I would also point out that I marked the dates of the two major patches (February 21 and March 07) on the original plot of the win rate. These are the dark-grey dashed vertical lines. They do not appear to coincide with any particular change.

My opinion? This is a game, and if it feels bad, then it’s a bad game. People will stop playing.

In this case, it’s not hard. Go back to the arguments in the original post: if the matchmaker were matching evenly, then MMR would converge, and match outcomes would resemble white noise, possibly colored by a week trend upward or downward as long-term player behavior changes. What has demonstrably happened in this case is that the matchmaker produced regularly repeated streaks of winning and losing, and did so over the course of two months of steady play. This was not a one-off or a black swan – this was a marked behavior of the system, which it exhibited consistently over a long period of time.

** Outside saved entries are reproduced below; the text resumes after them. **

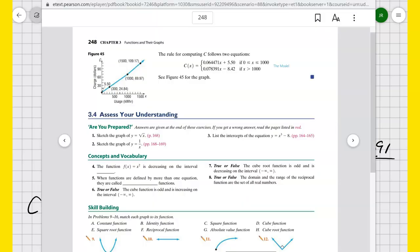That finishes up section 3.4 — a library of functions. We got a feel for the graphs of different kinds of functions, as well as interesting functions like the greatest integer function and how to handle piecewise functions. Good luck on the assignment on 3.4 — I'll see you again in 3.5.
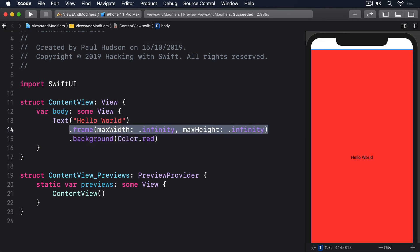Using max width and max height is different from using width and height. We're not saying the text view must take up all that space only that it can. If you have other views around, SwiftUI will make sure they all get enough space.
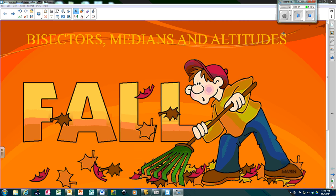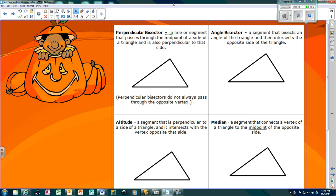All right, so we're still studying triangles, but today we're going to talk about bisectors, medians, and altitudes. First, we're going to look at a perpendicular bisector. Please remember it has to be perpendicular, and since it's a bisector, that means it has to go through the midpoint. It is extremely important that you know it is perpendicular at the midpoint.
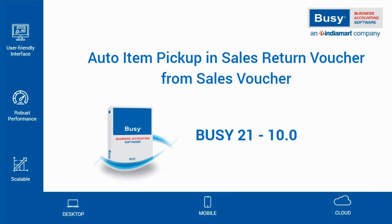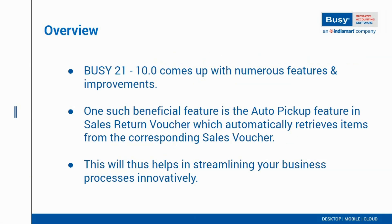Auto Item Pickup in Sales Return Voucher from Sales Voucher. Busy21 10.0 comes up with lots of new features and improvements. One such beneficial feature that has come is Auto Pickup of Items in Sales Return Voucher from Corresponding Sales Voucher.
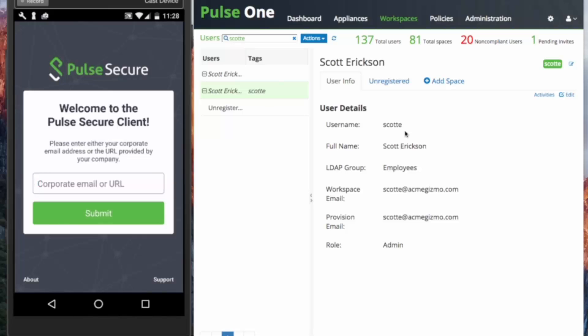This is in the case where a mobile device is a personally owned device without corporate email on it to start with, a basic BYOD use case. The admin could send the registration email, which includes directions, a PIN code, and links to kick off the process, to a personal email address instead.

So, I apologize in advance if it seems like I’m being cross with you here. I sense you’re making a good-faith argument, and although I disagree, I do still respect and appreciate your engagement. I’ll try to avoid a harsh tone, but that can be difficult in text, and I admit that I’ve grown weary of certain arguments, enough so that they’ve started to irritate me. That’s not your fault, and so please understand my next remarks are directed more at a genre of argument than at you personally.

To the point:

Please step back and consider the claim at hand. We are literally looking at a spreadsheet of 200 dated match outcomes subjected to statistical analysis. If that is not factual enough, then what is? What is it going to take? 100 more matches? 1000 more matches? A dozen more players showing up with spreadsheets just like this one? I am literally sitting down and transmitting facts directly to you, the reader – if this is not factual enough, then what will be?

I have easily read dozens of posts in defense of the matchmaker, asserting that any claim against it is “all assumptions” and “no facts”. None of these posts seem to offer any meaningful explanation of their own, beyond “works fine for me” and “everyone else is whining or imagining things.” Their only “facts” are their own gut feels that things seem fine. Of course, they have endless ways to explain away every claim to the contrary – but they never seem to indicate that there is any evidence that could possibly sway their unshakable faith in the goodness and rationality of the Overwatch 2 matchmaker.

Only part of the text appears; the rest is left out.